## [TASK BRIEF]
Give back only the lines in the records below from the one with "Hervé L. Leroux" to the one with "Lot Of 20 Colorful", both inclusive, word for word.

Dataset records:
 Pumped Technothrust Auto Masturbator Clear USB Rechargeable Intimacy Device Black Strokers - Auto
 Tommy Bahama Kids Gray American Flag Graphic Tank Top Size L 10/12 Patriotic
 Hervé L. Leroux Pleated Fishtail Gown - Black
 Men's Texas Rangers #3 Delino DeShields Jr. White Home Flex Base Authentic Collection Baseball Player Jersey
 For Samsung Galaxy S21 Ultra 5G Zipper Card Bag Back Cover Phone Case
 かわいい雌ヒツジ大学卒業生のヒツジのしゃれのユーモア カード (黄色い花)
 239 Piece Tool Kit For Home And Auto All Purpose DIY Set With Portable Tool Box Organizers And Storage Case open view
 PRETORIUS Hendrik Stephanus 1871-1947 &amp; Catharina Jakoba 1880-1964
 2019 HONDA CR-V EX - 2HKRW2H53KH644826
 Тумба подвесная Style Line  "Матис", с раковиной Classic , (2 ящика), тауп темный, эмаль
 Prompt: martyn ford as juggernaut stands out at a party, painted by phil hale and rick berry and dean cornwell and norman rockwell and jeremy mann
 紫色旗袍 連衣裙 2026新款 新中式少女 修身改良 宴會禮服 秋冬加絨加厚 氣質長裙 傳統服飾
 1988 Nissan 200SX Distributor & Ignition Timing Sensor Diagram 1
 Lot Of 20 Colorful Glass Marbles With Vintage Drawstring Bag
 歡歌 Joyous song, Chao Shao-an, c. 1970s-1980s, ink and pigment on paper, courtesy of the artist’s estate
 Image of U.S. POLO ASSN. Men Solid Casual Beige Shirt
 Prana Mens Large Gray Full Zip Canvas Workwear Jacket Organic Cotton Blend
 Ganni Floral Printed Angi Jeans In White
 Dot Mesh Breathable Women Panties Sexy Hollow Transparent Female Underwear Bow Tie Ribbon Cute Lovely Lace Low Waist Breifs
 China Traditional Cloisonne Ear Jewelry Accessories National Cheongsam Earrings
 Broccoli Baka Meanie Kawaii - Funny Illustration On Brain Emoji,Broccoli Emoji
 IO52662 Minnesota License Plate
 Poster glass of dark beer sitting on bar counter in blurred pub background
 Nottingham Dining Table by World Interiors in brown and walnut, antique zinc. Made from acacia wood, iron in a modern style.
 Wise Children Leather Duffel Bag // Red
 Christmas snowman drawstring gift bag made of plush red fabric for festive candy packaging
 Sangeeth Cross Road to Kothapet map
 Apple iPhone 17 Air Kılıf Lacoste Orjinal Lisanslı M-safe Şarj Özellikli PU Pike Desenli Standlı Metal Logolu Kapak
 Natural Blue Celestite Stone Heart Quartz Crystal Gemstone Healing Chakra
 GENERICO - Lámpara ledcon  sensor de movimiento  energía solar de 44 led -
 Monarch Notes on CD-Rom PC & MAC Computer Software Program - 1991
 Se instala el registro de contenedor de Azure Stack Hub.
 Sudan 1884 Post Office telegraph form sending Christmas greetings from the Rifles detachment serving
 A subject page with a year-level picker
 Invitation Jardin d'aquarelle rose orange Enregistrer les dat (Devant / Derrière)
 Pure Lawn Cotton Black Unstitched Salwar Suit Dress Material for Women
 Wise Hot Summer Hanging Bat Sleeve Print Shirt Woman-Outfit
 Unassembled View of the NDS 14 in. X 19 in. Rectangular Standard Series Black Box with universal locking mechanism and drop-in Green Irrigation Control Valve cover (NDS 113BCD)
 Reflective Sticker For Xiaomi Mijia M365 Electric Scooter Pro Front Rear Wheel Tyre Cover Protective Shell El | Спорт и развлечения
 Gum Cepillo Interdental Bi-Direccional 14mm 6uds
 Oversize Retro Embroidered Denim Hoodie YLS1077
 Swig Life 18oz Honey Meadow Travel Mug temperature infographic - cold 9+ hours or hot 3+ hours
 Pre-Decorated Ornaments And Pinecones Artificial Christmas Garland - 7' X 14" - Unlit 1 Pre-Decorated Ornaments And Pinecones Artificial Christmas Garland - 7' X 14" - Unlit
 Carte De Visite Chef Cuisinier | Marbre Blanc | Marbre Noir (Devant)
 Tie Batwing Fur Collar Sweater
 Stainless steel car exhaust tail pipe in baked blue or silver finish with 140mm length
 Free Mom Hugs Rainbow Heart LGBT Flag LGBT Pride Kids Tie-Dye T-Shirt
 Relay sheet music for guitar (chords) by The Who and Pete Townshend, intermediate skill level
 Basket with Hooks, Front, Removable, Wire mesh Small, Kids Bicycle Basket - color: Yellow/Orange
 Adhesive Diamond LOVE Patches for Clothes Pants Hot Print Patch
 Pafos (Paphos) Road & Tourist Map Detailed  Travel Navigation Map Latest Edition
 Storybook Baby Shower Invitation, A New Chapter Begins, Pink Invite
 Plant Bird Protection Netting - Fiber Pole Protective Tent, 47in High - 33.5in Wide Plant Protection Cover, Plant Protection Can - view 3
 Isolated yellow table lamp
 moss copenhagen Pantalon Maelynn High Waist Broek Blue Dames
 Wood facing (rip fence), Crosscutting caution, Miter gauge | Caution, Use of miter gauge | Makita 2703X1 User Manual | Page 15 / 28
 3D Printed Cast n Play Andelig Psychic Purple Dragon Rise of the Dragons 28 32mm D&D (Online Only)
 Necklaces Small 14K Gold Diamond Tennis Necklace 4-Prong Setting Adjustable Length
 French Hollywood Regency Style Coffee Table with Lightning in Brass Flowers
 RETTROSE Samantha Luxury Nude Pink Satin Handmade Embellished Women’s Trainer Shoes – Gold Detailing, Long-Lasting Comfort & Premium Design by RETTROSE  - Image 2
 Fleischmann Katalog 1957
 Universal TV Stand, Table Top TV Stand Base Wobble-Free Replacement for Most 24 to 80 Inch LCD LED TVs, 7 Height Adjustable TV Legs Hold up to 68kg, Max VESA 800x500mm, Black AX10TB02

## [SOLUTION FOR THIS TASK]
 Hervé L. Leroux Pleated Fishtail Gown - Black
 Men's Texas Rangers #3 Delino DeShields Jr. White Home Flex Base Authentic Collection Baseball Player Jersey
 For Samsung Galaxy S21 Ultra 5G Zipper Card Bag Back Cover Phone Case
 かわいい雌ヒツジ大学卒業生のヒツジのしゃれのユーモア カード (黄色い花)
 239 Piece Tool Kit For Home And Auto All Purpose DIY Set With Portable Tool Box Organizers And Storage Case open view
 PRETORIUS Hendrik Stephanus 1871-1947 &amp; Catharina Jakoba 1880-1964
 2019 HONDA CR-V EX - 2HKRW2H53KH644826
 Тумба подвесная Style Line  "Матис", с раковиной Classic , (2 ящика), тауп темный, эмаль
 Prompt: martyn ford as juggernaut stands out at a party, painted by phil hale and rick berry and dean cornwell and norman rockwell and jeremy mann
 紫色旗袍 連衣裙 2026新款 新中式少女 修身改良 宴會禮服 秋冬加絨加厚 氣質長裙 傳統服飾
 1988 Nissan 200SX Distributor & Ignition Timing Sensor Diagram 1
 Lot Of 20 Colorful Glass Marbles With Vintage Drawstring Bag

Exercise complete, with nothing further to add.